In the meantime, the site is surrounded by an impermeable membrane, both below and above the soil, so it doesn't contaminate underlying soils. Floyd said that unless it is ingested in large quantities, the soil poses no danger. The spill itself was a result of an overfill of the tank while the tank was in operation; there is no way of knowing exactly when the spill occurred.
The discovery of the spill was the result of soil testing done when the tank was removed from the parking lot. The district removed approximately 25 underground tanks during the summers of 2000 and 2001, replacing them with 500-gallon, double-walled, above-ground steel tanks with protective spill guards. Each tank removal cost the district around $6,000, and the total cost of replacing the tanks will be no more than $200,000, Floyd said. Two of the sites did not receive new tanks, instead the district had them hooked up to the natural gas pipeline -- an even cheaper alternative to the above-ground tanks. The district changed over the tanks to comply with federal EPA regulations.

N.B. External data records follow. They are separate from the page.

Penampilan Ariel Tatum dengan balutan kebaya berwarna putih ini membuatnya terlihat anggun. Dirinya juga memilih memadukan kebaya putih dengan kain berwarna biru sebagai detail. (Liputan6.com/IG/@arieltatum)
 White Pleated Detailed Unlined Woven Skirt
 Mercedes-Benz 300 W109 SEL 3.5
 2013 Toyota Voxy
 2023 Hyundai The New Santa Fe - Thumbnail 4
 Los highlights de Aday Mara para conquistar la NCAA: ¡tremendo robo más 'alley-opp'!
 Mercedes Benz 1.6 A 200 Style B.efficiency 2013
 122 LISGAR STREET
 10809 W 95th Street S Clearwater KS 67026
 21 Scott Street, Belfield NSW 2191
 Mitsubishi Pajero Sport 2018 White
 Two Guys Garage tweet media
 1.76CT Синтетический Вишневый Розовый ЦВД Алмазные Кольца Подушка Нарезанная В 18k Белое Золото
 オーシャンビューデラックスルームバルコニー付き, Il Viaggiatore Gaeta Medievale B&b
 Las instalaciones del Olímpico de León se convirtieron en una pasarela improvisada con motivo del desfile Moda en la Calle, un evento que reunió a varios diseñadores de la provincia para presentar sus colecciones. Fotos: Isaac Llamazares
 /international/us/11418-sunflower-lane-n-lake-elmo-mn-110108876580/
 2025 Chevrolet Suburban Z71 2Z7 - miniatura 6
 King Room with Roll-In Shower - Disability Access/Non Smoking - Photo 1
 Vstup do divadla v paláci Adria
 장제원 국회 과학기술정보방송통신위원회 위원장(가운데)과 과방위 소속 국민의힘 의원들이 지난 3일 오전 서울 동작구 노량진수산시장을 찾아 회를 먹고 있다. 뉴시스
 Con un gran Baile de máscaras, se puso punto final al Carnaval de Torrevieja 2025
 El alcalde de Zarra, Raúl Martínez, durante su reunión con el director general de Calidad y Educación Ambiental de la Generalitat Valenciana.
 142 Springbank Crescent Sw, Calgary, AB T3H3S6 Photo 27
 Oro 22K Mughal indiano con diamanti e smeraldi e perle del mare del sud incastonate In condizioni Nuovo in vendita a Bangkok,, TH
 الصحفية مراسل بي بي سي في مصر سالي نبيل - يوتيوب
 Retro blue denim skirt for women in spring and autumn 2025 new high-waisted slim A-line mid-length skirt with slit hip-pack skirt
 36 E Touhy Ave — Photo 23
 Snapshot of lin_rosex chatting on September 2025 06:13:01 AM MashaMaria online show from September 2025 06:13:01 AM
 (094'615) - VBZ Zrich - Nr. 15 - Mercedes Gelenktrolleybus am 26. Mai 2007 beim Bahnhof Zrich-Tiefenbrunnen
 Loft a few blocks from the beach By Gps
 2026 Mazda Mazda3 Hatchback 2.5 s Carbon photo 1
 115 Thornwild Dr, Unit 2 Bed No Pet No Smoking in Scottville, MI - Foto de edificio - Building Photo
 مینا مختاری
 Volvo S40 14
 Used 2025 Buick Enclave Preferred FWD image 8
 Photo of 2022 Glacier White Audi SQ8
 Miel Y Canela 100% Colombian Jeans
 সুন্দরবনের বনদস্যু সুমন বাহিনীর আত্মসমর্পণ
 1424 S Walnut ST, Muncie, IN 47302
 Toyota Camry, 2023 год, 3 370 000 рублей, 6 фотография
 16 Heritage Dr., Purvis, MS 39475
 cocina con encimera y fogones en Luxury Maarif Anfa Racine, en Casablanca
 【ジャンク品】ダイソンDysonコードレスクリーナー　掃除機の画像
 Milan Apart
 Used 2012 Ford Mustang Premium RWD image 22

"Soil testing was done at all sites," Floyd said. The Su-Valley spill was the only one detected during the change-over. Only schools that do not have access to natural gas continue to use any type of fuel tanks.
The $20,000 will be used to hire a qualified contractor to remove the soil for disposal and remediation, a purifying process to remove the contaminates. If the bond package does not come to be, the district plans on finding other ways to pay for the removal of the soil.